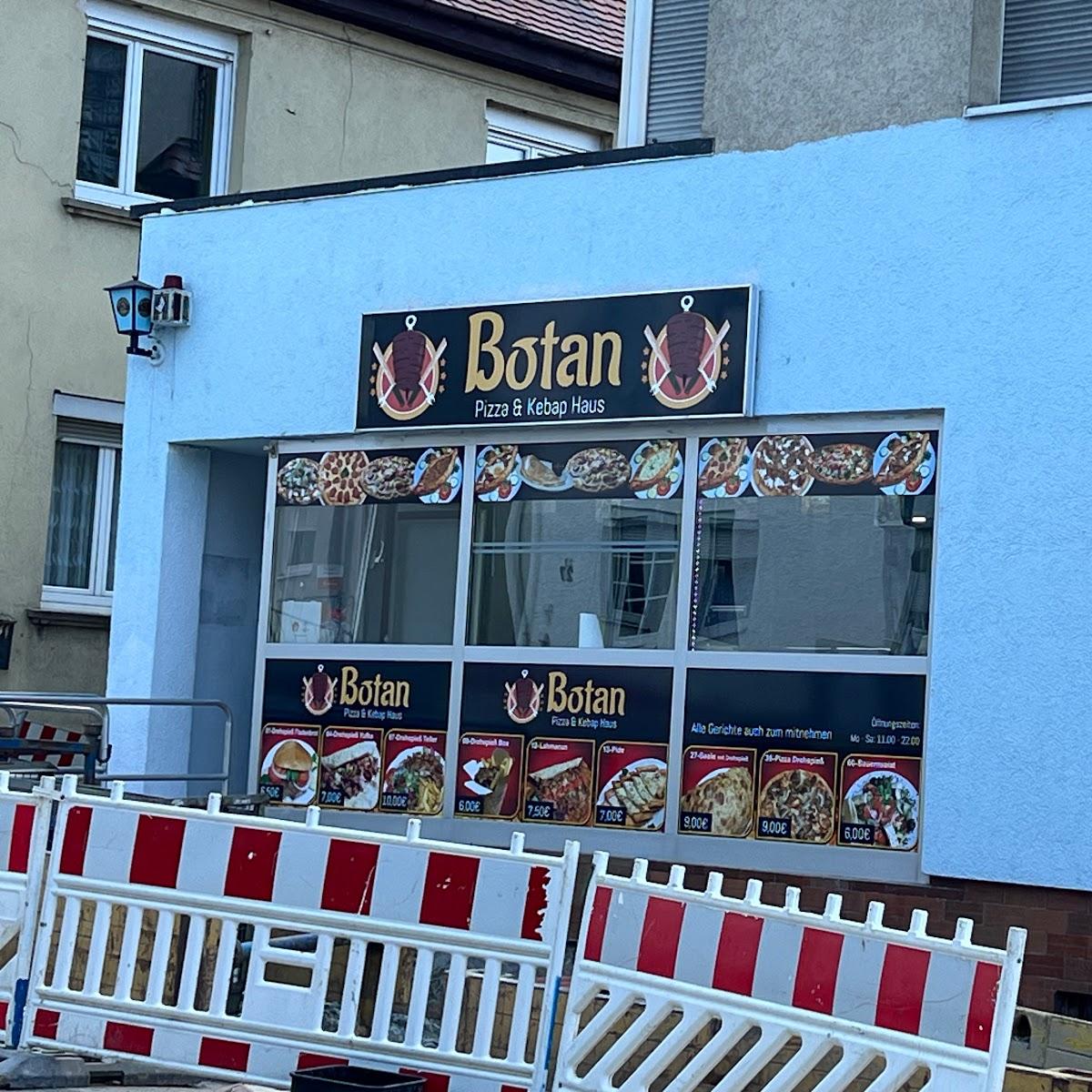 Restaurant "Botan Pizza&Kebaphaus" in Heilbronn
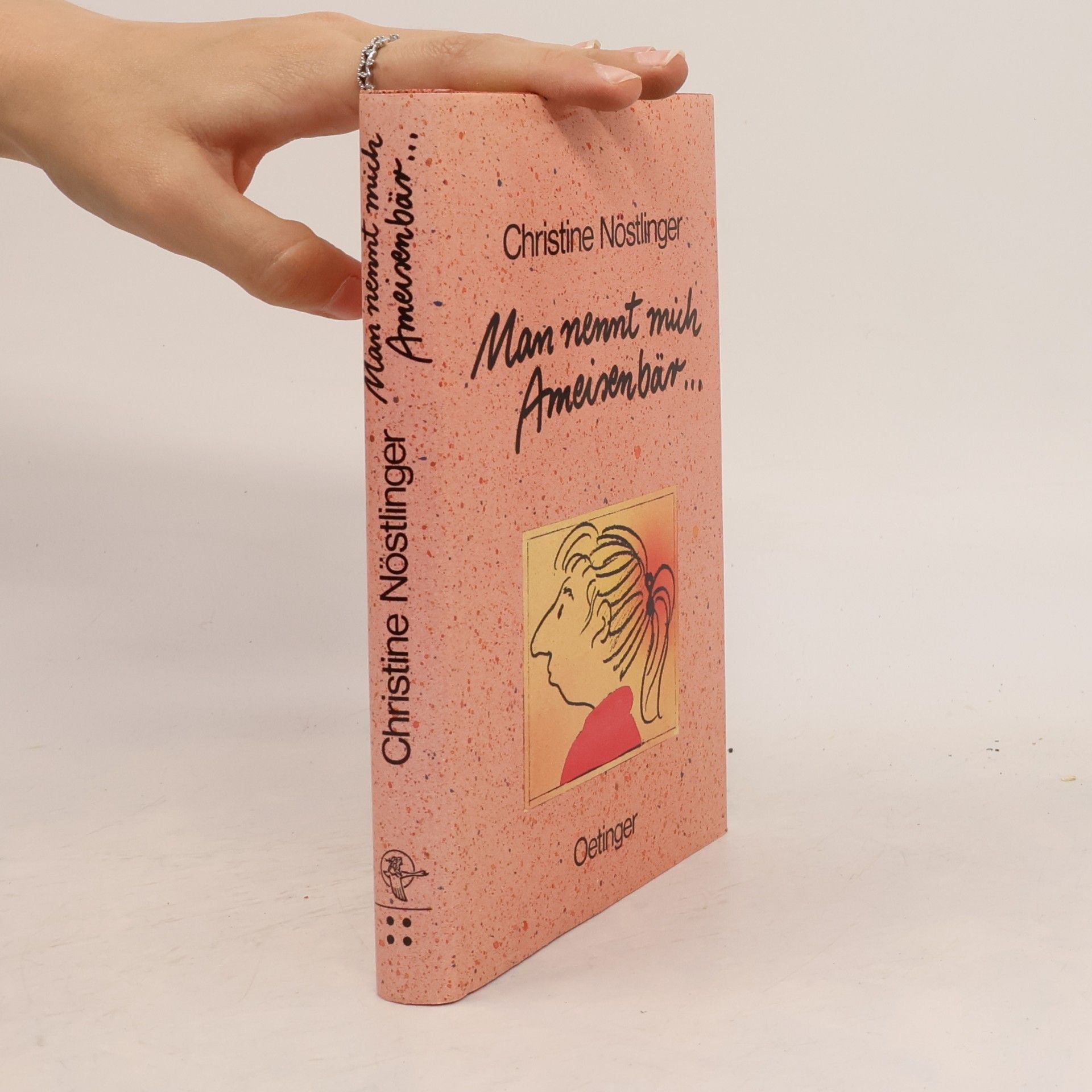 Christine Nöstlinger Man nennt mich Ameisenbär ...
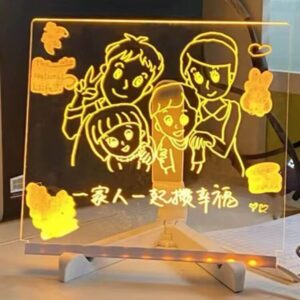 big writing board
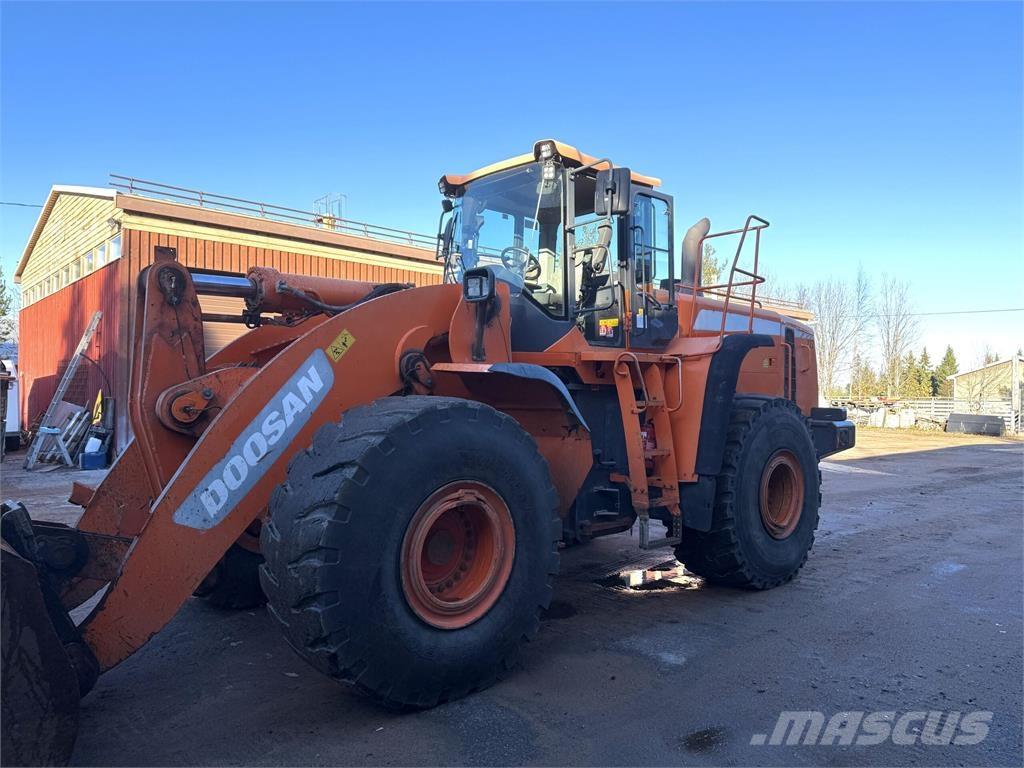 Doosan DL 550-3 Kolové nakladače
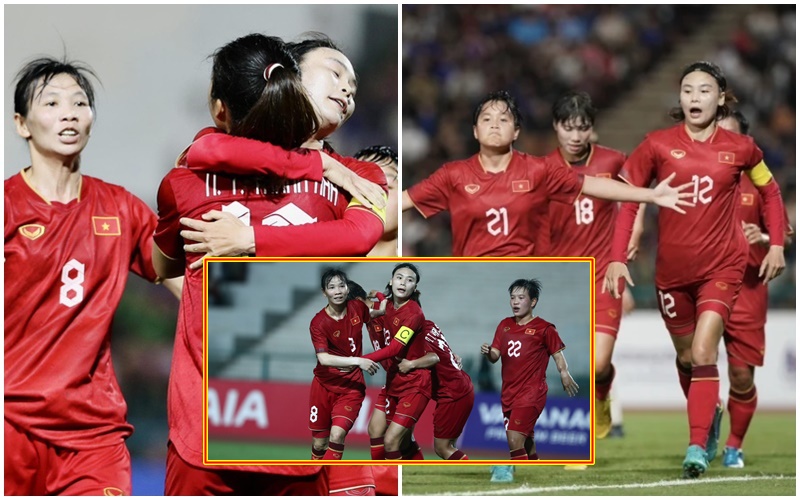 Gặp Myanmar ở chung kết SEA Games, tuyển nữ Việt Nam tự tin: ‘Chức vô địch đã gần lắm rồi’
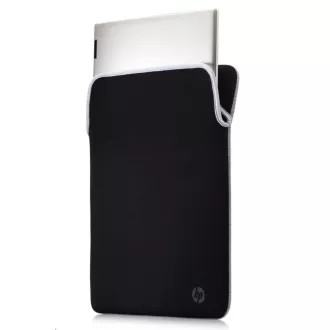 HP Protective Reversible 15 Blk/Slv Sleeve - púzdro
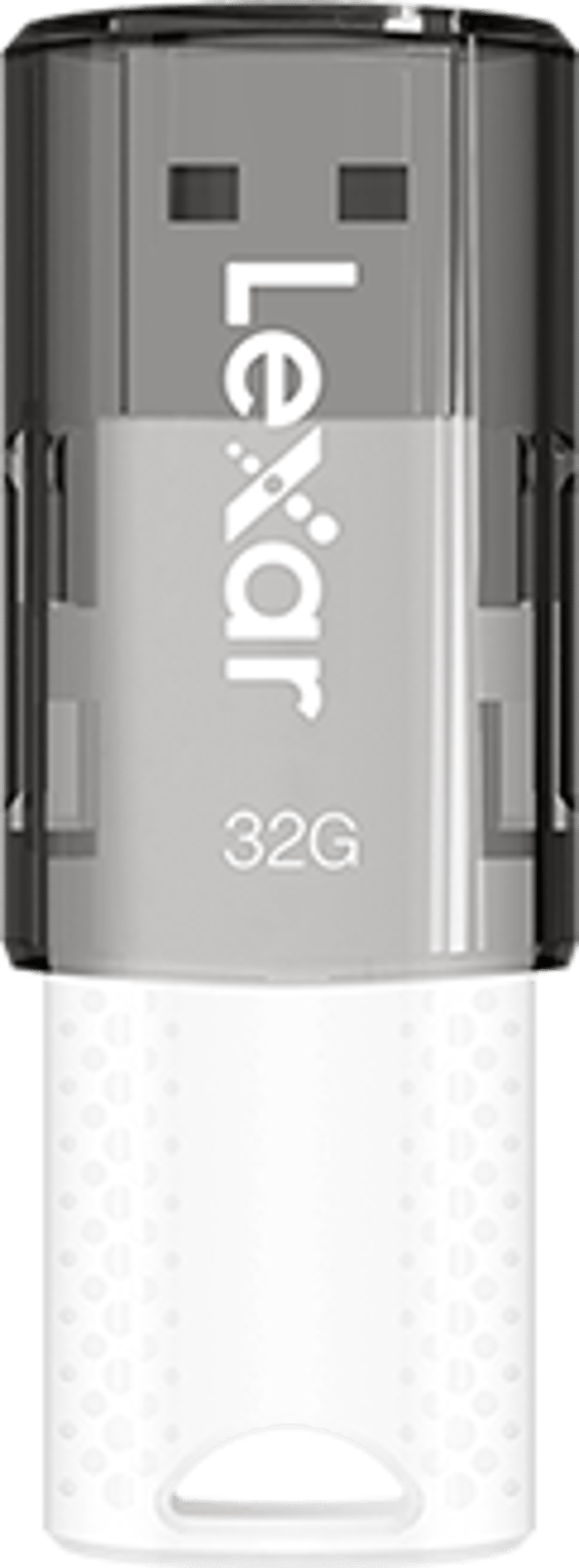 Lexar JumpDrive S60 32GB USB-A Sort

◆ PROBLEM: Give back exactly the lines from the line with "Gặp Myanmar ở" through the end of the material above, and omit every picture.

◆ TASK SOLUTION:
 Gặp Myanmar ở chung kết SEA Games, tuyển nữ Việt Nam tự tin: ‘Chức vô địch đã gần lắm rồi’
 HP Protective Reversible 15 Blk/Slv Sleeve - púzdro
 Lexar JumpDrive S60 32GB USB-A Sort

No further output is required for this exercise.